Nepal Annapurna Circuit: An 18-Day Epic Adventure
Coming Home from Nepal: After the Summit, the Silence
I’ve been home for two weeks now after spending a month in Nepal—eighteen days of it trekking the Annapurna Circuit with Deena and Tomer. It was a journey of altitude and inner depth, of footstep after footstep through silence, snow, and sacred peaks. We did something remarkable—not only physically, but emotionally. We stretched, we endured, we connected. To each other. To the land. To something wordless.
And now? I’m still processing. Still sitting with it.
As with all summits, a descent follows. And so, here I am—wrestling with the familiar companion of great experience: the quiet that trails behind. Post-adventure blues, they call it. The space after the crescendo. My challenge now is to find serenity in that space. To accept the stillness without rushing to fill it. To honor what was, and slowly shape what’s next.
Kathmandu: Wires, Absence, and Oneness
Wandering through the vibrant chaos of Kathmandu, I was struck by a curious absence: the monkeys. Forty years ago, they roamed every temple. Now they’ve vanished, as if quietly removed by unseen hands. In their place, a new kind of wildness: the tangled, mesmerizing art of electric wires crisscrossing above the streets—urban calligraphy, messy and magnificent.
We climbed the grand Monkey Temple, officially Buddhist in origin, but humming with Hindu visitors. That blend, that overlap—that’s Nepal. A kind of lived interfaith, a unity that doesn’t erase difference but holds it gently. I call it the oneness.

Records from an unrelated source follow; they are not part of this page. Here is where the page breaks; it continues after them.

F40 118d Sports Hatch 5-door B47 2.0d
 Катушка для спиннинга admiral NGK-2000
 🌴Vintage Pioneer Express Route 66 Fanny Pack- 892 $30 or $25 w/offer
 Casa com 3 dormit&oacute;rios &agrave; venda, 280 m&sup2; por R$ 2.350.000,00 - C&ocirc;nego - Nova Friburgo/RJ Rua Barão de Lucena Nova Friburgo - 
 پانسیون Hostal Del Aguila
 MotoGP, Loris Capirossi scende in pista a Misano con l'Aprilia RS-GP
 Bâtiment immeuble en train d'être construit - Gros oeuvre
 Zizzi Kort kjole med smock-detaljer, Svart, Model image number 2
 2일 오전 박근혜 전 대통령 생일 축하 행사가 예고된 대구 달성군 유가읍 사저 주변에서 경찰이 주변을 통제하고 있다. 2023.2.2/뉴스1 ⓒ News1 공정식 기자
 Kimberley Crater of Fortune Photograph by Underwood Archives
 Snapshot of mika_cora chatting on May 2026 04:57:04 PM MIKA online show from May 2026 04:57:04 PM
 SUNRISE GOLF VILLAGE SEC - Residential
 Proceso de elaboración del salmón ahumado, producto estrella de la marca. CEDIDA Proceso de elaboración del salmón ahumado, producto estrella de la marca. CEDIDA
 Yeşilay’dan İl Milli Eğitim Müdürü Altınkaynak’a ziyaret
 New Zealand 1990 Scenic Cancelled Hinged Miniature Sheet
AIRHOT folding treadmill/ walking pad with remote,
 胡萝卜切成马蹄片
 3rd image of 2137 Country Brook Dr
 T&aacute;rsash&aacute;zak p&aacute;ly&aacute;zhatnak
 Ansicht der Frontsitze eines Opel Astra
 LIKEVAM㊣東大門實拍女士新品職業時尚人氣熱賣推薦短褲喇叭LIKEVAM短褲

In Durbar Square, once the seat of royal power, we wandered through palaces, courtyards, and temples carved in time. In a quiet wooden courtyard, we saw the living goddess, the Royal Kumari of Kathmandu—a young girl believed to embody divine energy. No photos allowed. Just presence. Just reverence.
She is a living thread between Hindu goddess Taleju and Buddhist deity Vajradevi. A reminder that in Nepal, lines blur, faiths merge, and the sacred wears many faces.